In the traffic-shaper, on your LAN interface, create an HFSC leaf queue called "qPing". Configure qPing as follows:
Bandwidth=1Kb
Upper-limit.m1=0Kb
Upper-limit.d=10
Upper-limit.m2=100KbCreate a firewall rule that assigns all LAN Network->LAN Address ICMP Echo/Reply (ping/pong) into "qPing".
Before:
PING pfsense.wlan (192.168.1.1) 56(84) bytes of data.
64 bytes from pfsense.wlan (192.168.1.1): icmp_seq=1 ttl=64 time=0.225 ms
64 bytes from pfsense.wlan (192.168.1.1): icmp_seq=2 ttl=64 time=0.200 msAfter:
PING pfsense.wlan (192.168.1.1) 56(84) bytes of data.
64 bytes from pfsense.wlan (192.168.1.1): icmp_seq=1 ttl=64 time=11.3 ms
64 bytes from pfsense.wlan (192.168.1.1): icmp_seq=2 ttl=64 time=11.9 msAccording to our "qPing" configuration, packets will be delayed an additional 10ms and the queue's total bandwidth will be held at or below 100Kbit/sec.
I hope that this shows how (a packet's) delay is a separate function from bandwidth.
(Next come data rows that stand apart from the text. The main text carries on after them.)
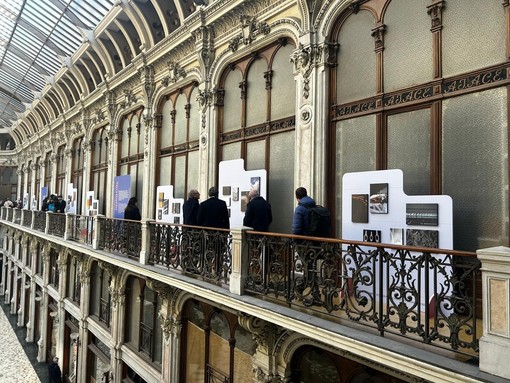 Nuovi sguardi: in Galleria Subalpina, l’eccellenza delle imprese torinesi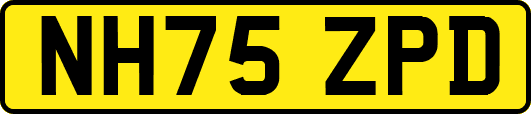 NH75ZPD
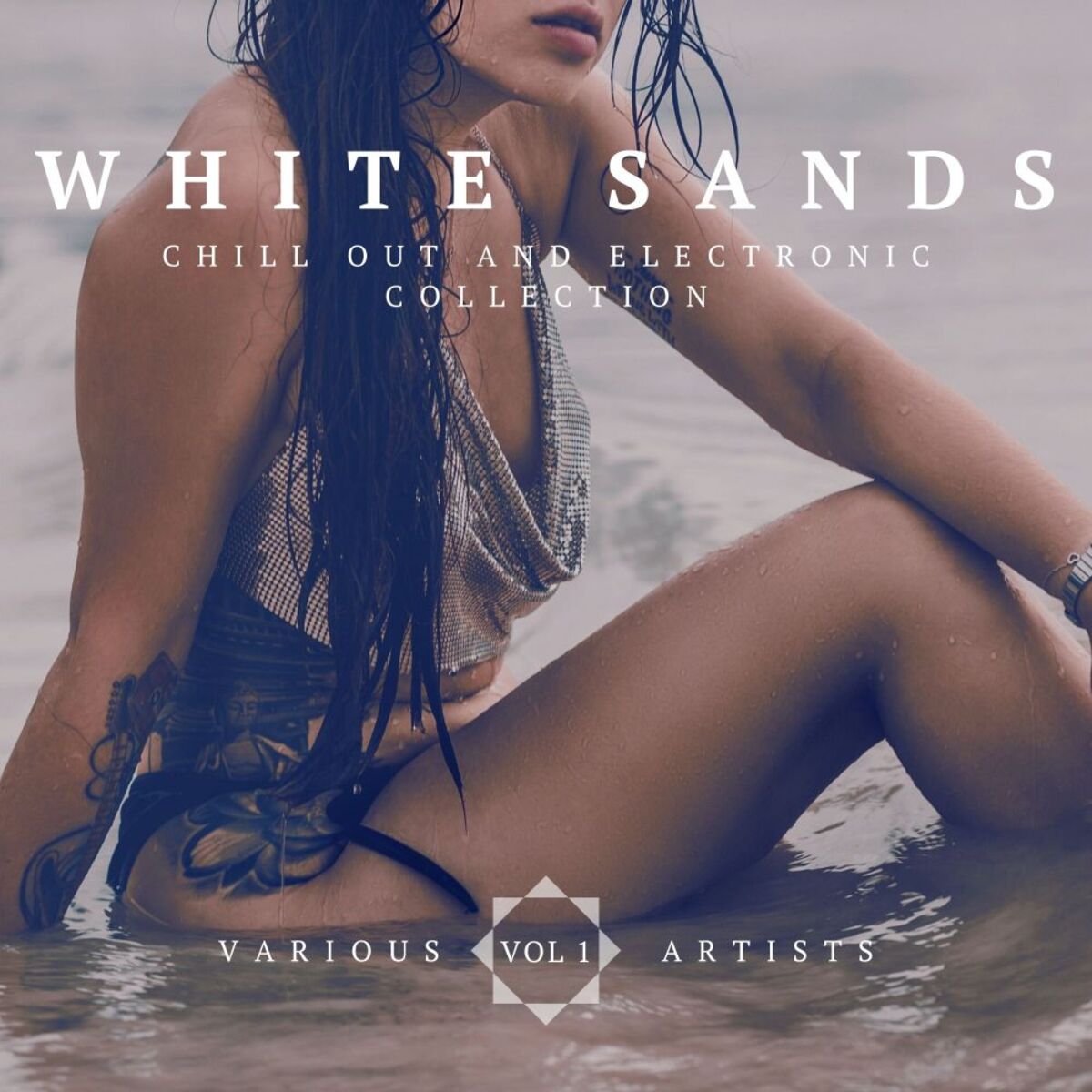 Album cover of White Sands ( Chill Out And Electronic Collection), Vol. 1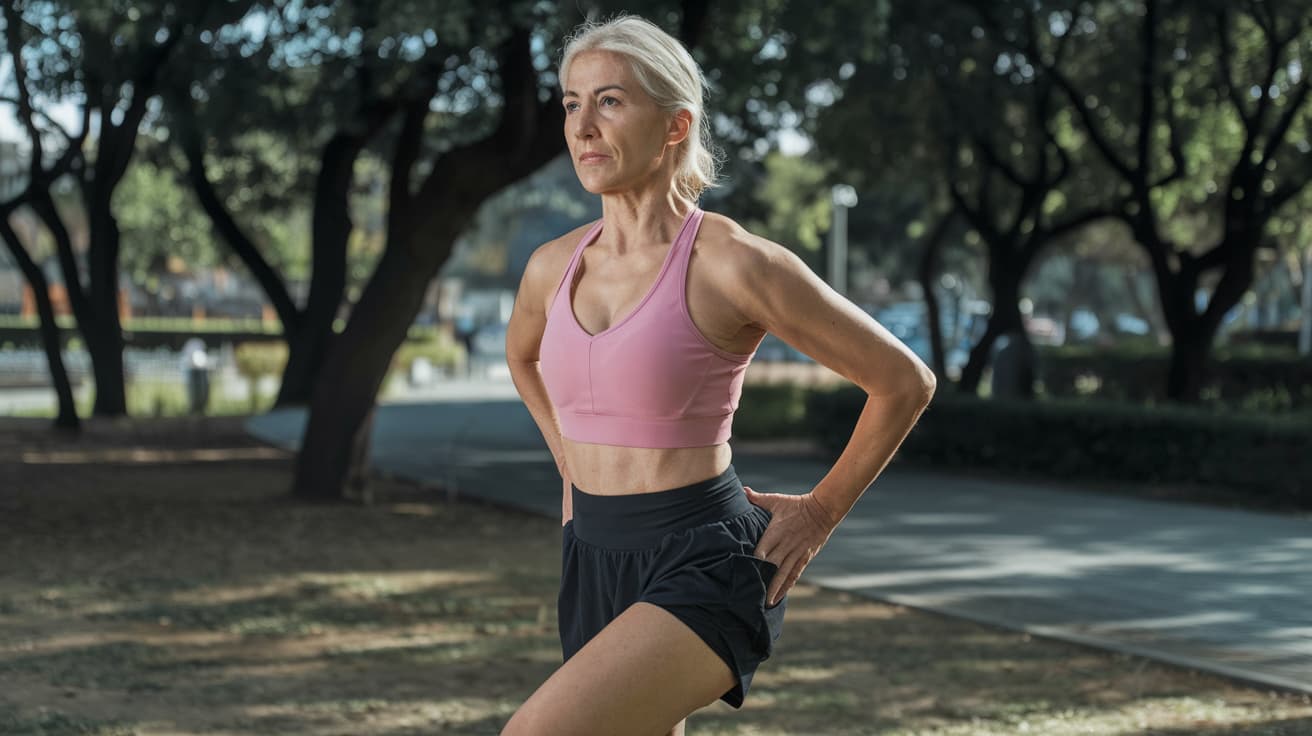 How To Get A Smaller Waist When Over 50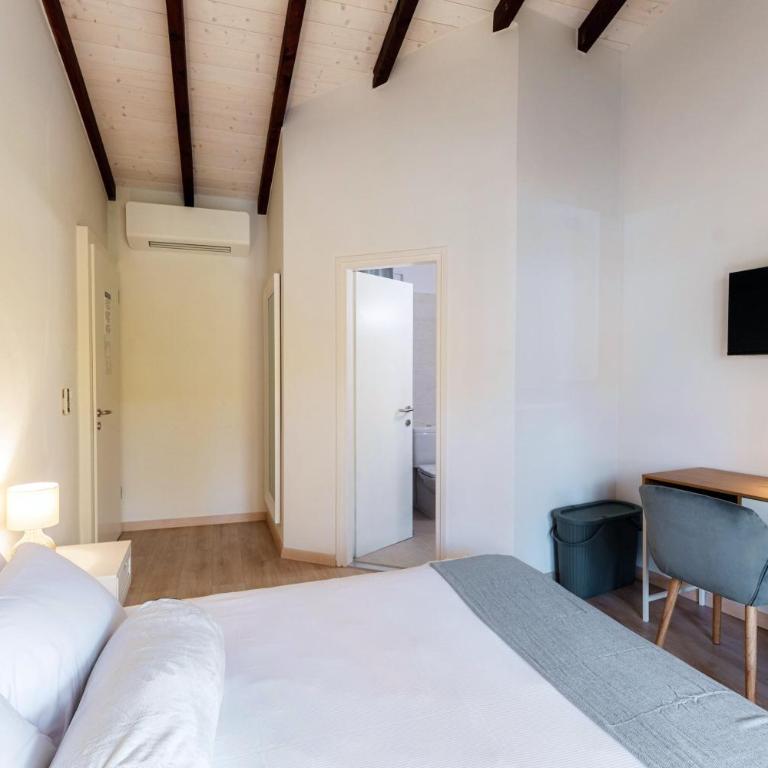 Florida Ascona Rooms by Quokka 360 - Between the Lake and the City - Camera King Superior - 9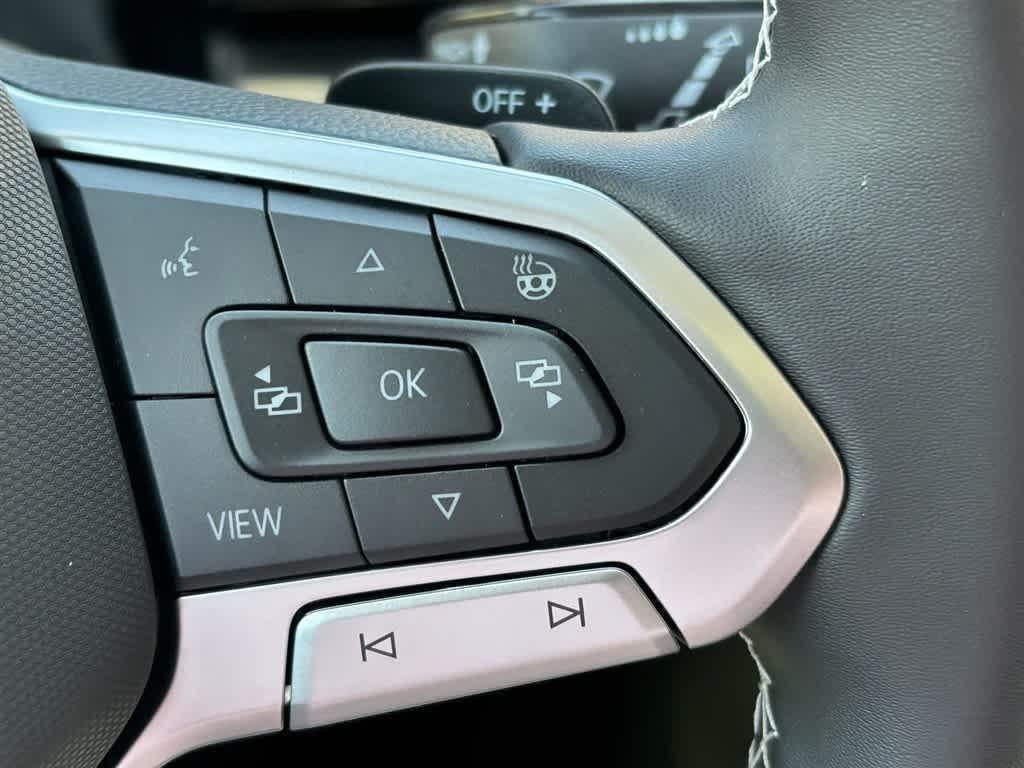 new 2025 Volkswagen Atlas car, priced at $47,235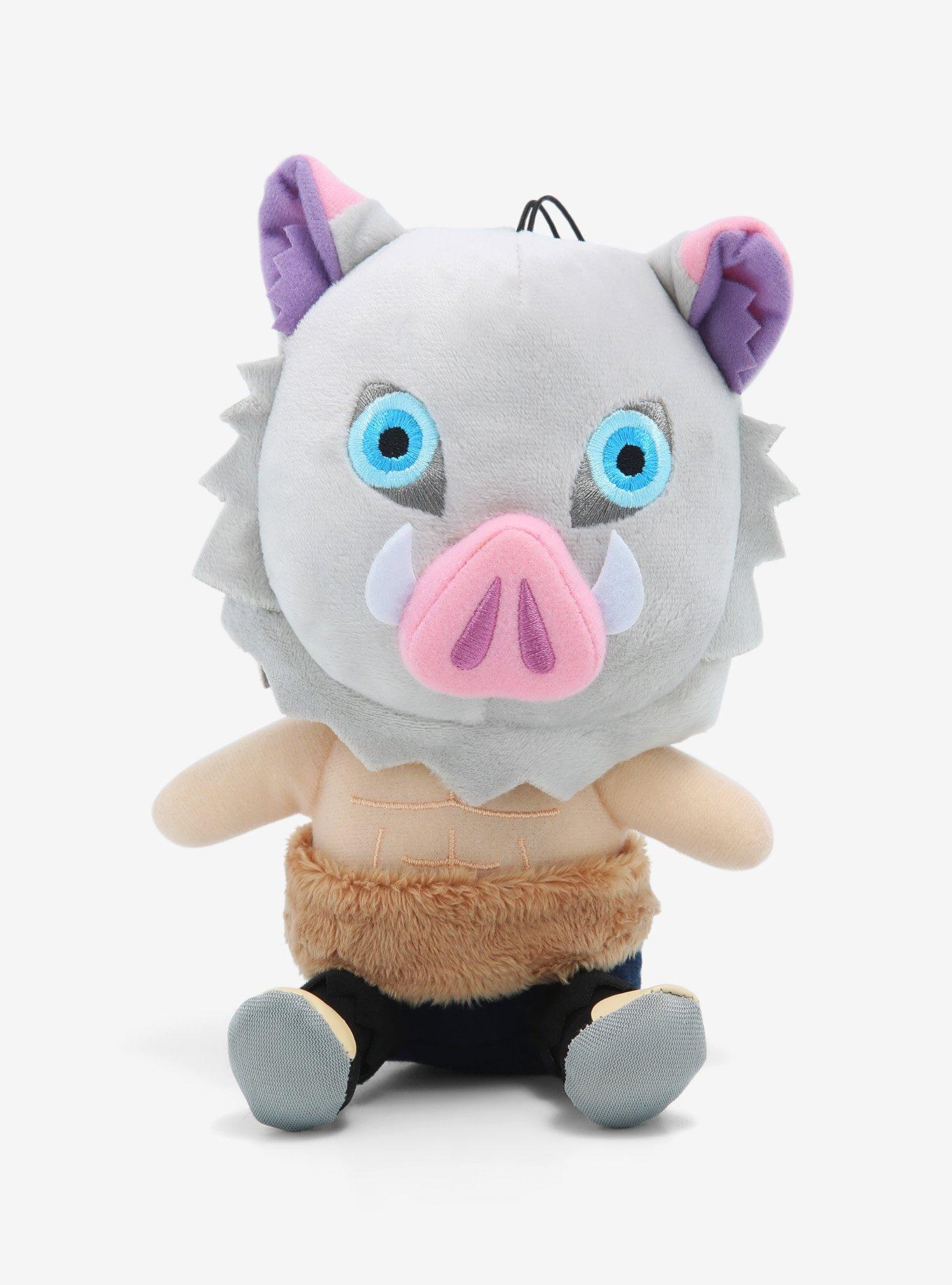 Demon Slayer: Kimetsu No Yaiba Inosuke Plush, , alternate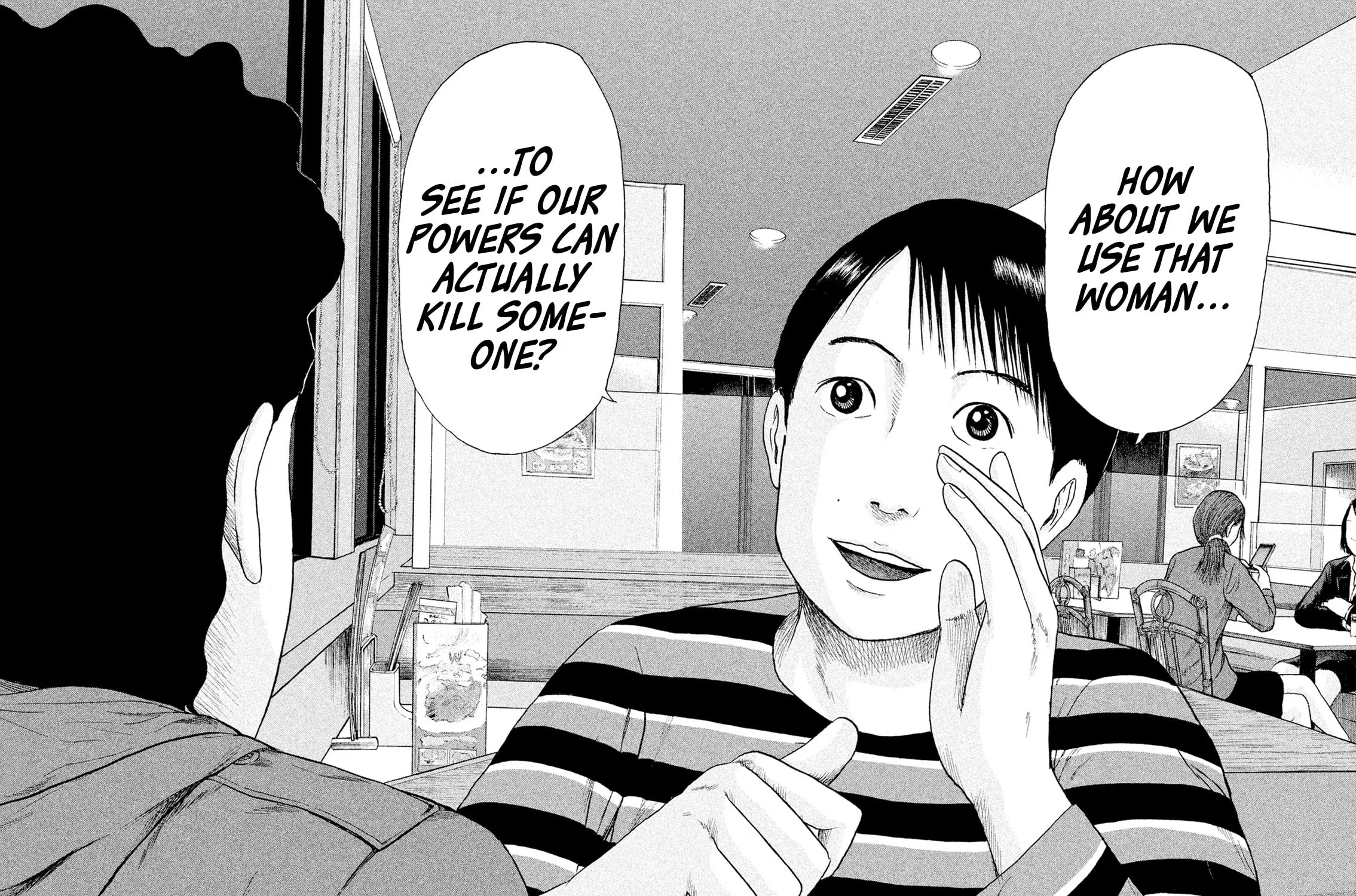 Read Minna! Esper Dayo! chapter 16 image 10 on Lezhin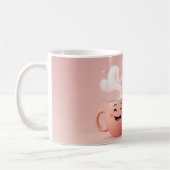 コージーカップルマグ コーヒーマグカップ (左)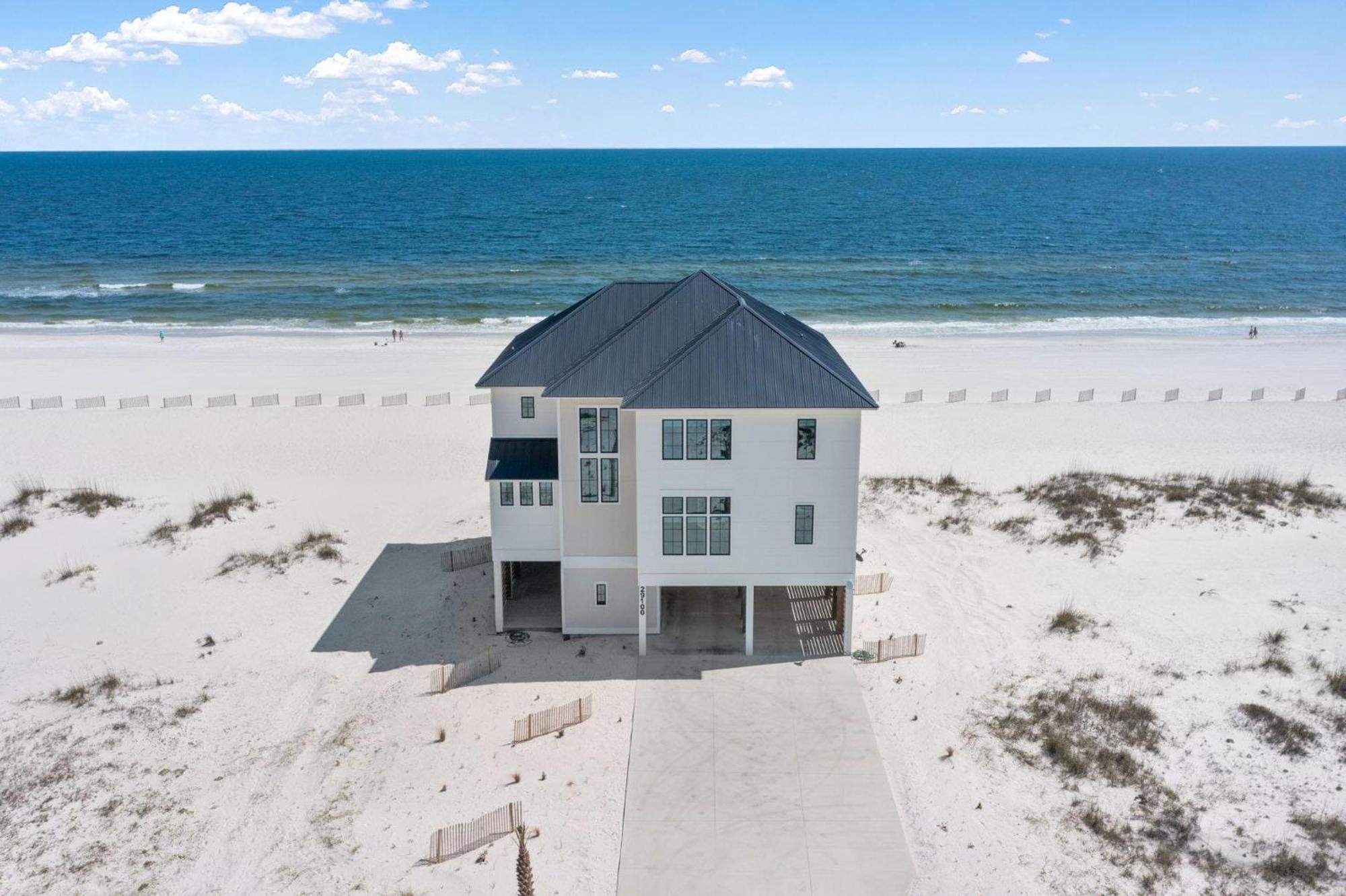Perdido Tide Beach House Орандж-Бич Экстерьер фото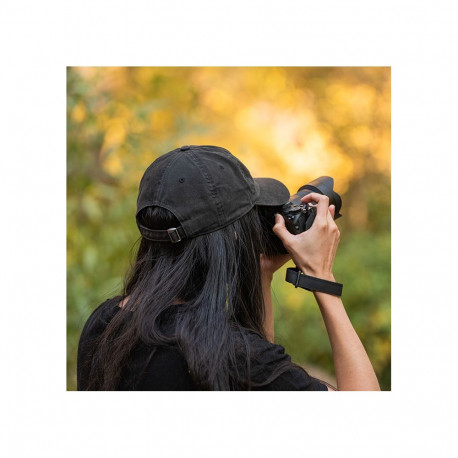 Camera Accessory - WANDRD Wrist Strap Adjustable Auto-Locking Black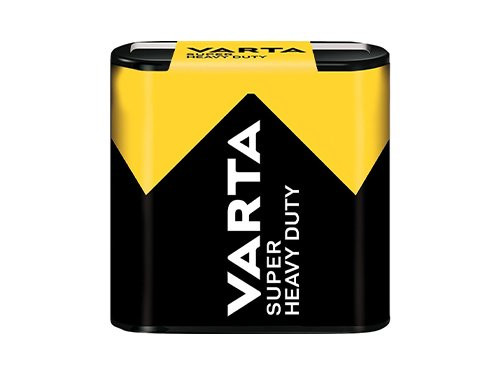 Varta Super Heavy Duty batterij 4,5V blister(1)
Delay can be increased, or decreased (limited by your link's max bitrate), without affecting throughput. Bandwidth and delay are "decoupled". :)
PS - qPing's "Bandwidth" is set to 1Kb because it actually sets link-share's m2. Refer to my earlier posts about how link-share does not use absolute bitrates, only ratios. Short explanation; the number is unimportant unless you are saturating the queue's parent/root queue.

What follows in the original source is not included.